Asgari ücretin en alt düzeyde tutulmasına tepkiler yaygın. CHP bugün Ankara’da bir mitingle asgari ücretin böyle belirlenmesini protesto edecek. CHP Genel Başkanı Özgür Özel ziyaret ettiği Türk-İş, DİSK ve Hak-İş’i mitinge davet etti. Protesto eylemlerini yaygınlaştırarak sürdüreceklerini söyledi.

Emek Partisi, Sol Parti, Türkiye İşçi Partisi, DEM Parti… tüm emekten yana parti ve çevreler asgari ücretin böyle bir düzeyde belirlenmesine tepkilerini ifade ederken ortak mücadelenin önemine dikkat çektiler. Ki, eylemler yaygınlaşıp ilerledikçe ortak mücadelenin gereği ve önemi daha da öne çıkacaktır. Nitekim son aylarda irili ufaklı her eylemde “Birleşe birleşe kazanacağız” sloganının öne çıkması ortak mücadele isteğinin bir söylem olmanın ötesinde anlam kazanacağını göstermektedir.

Asgari ücretin en alt düzeyde belirlenmesi, emekli maaşlarına yapılacak zammın da en alt düzeyde tutulacağını açıkça göstermiştir.

Dahası 2025 yılı içinde;

  • 2025’in başında başlayacak kamu işçilerinin TİS’inde,
  • Ağustos ayında yapılacak kamu emekçilerinin toplu görüşmesinde,
  • Eylül ayında 150 bin işçiyi kapsayan metal iş kolundaki büyük grup TİS’inde,
  • Petrol ve kimya iş kolundaki grup sözleşmesinde,
  • Sendikasız iş yerlerindeki zamlarda asgari ücrete yapılan yüzde 30 zam kriter alınacaktır.
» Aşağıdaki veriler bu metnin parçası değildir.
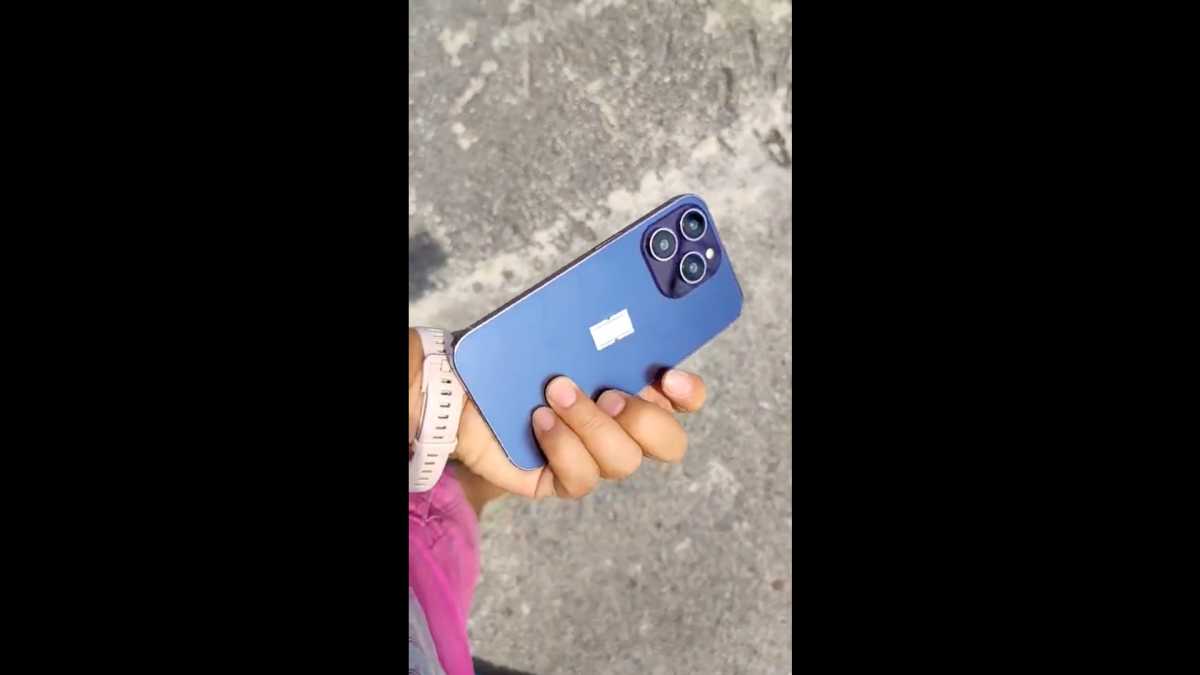 Alleged iPhone 14 Pro colors shown in new dummy pictures and video -   News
Bu konuda iktidar ve sermaye örgütlerinin desteği arkalarında olacaktır.

Yani işçiler ve kamu emekçileri, sadece patronlar ve patron örgütleri değil iktidarın ekonomik politikasını da püskürtecek bir mücadeleyi göze almak zorunda kalacaklardır.
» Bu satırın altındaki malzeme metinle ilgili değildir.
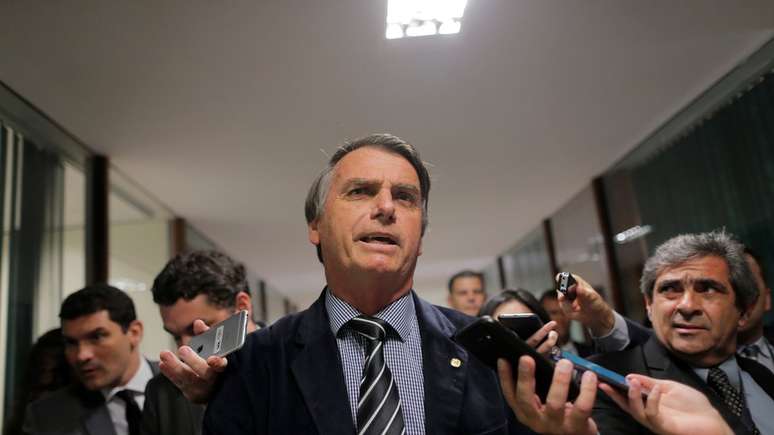 Em foto de setembro de 2018, Bolsonaro fala com a imprensa em corredor do Congresso; presidentes da Câmara e Senado garantem que a agenda do Legislativo priorizará economia, e não costumes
Yukarıda oluşan tablo 2025’in sermaye ile işçi ve emekçiler arasında tam bir güç mücadelesi yılı olacağının tablosudur. Emekçiler birleşerek taleplerine sahip çıkabilirse 2025 emek mücadelesinin birlik ve mücadelede yeni bir safhaya geçeceği bir “emek yılı” olmaya adaydır.

Ülkemiz işçi, emekçileri böyle bir mücadeleyi başaracak güce ve deneyime de sahiptir. Aksi halde, her sendikanın ayrı ayrı durduğu, her kafadan ayrı sesin çıktığı, ortak mücadeleden uzak durulduğu koşullarda 2025 işçiler ve emekçiler için bir kabus yılı olmaya da adaydır.

Sermaye ve iktidarı, amaçlarına varmak için çok kararlı olduğunu asgari ücreti 22 bin 104 TL ilan ederek açıkça ortaya koymuştur!